When writing out the entries below, keep only the lines from the line with "Canelo & Munguia" to the line with "TASECO Land đã", both included, exactly as they are, and leave the pictures aside.

:: Available records

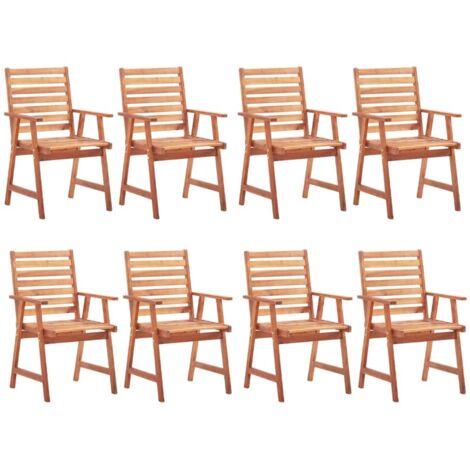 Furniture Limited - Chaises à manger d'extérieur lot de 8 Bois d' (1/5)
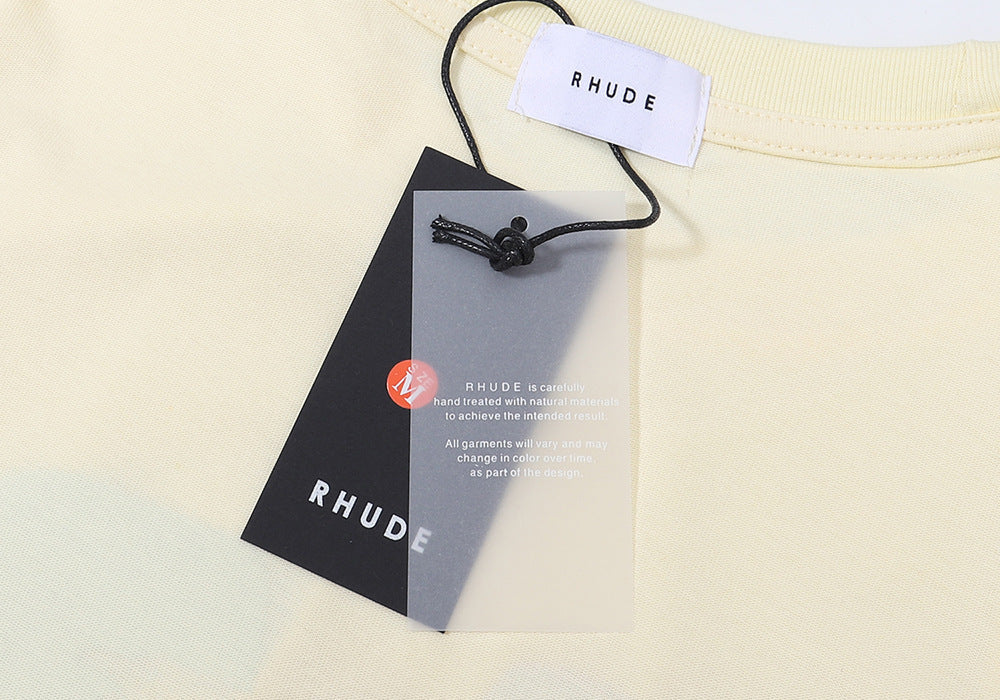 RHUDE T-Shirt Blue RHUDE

::::
:: Available records

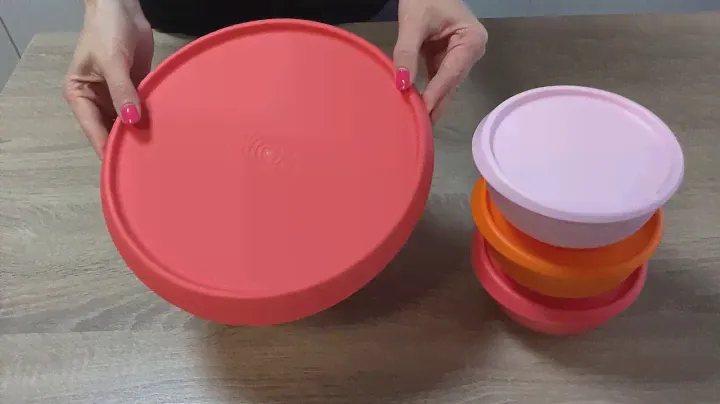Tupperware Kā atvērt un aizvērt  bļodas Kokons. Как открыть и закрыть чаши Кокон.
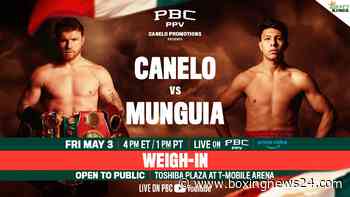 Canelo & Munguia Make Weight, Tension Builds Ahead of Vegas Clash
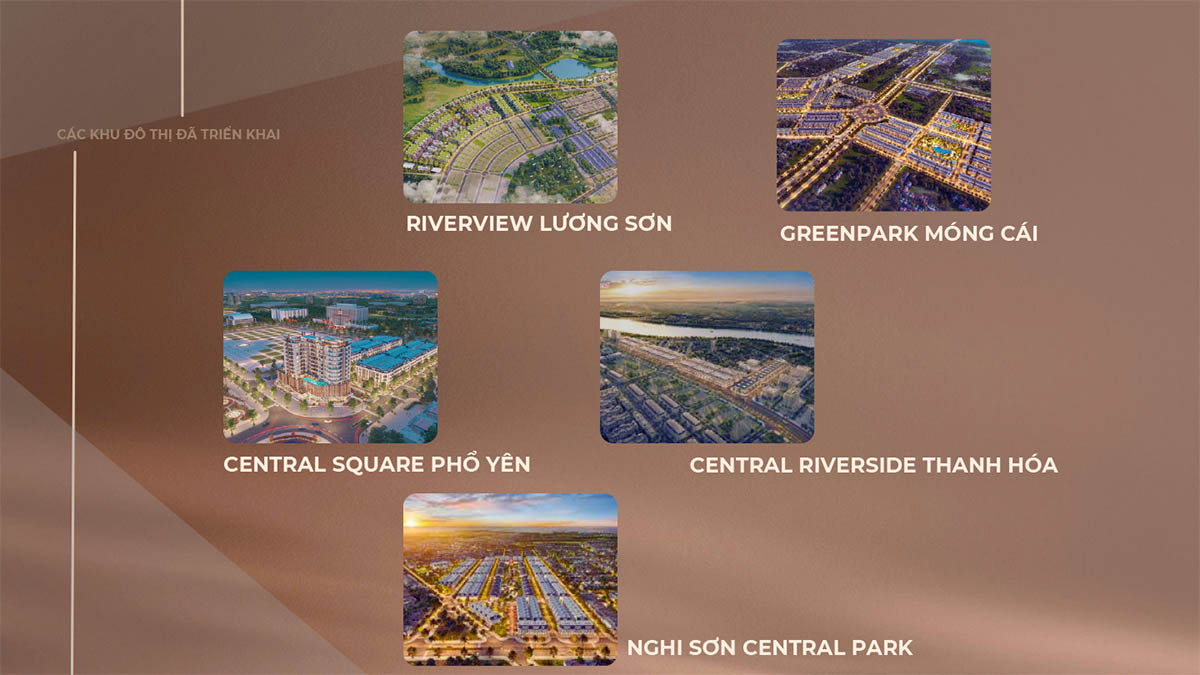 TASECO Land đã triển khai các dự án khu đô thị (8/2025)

::::
:: Available records

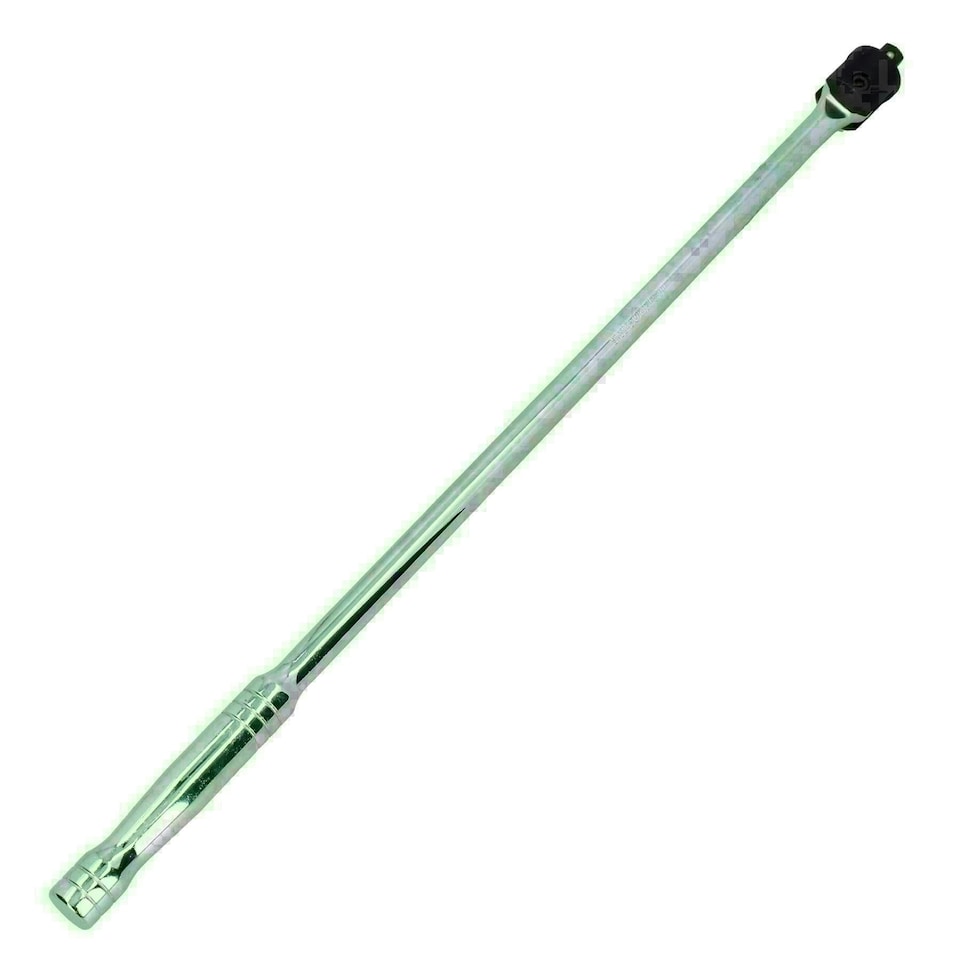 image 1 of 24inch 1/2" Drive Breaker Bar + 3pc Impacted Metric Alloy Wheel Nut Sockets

::::

### The answer
 Canelo & Munguia Make Weight, Tension Builds Ahead of Vegas Clash
 TASECO Land đã triển khai các dự án khu đô thị (8/2025)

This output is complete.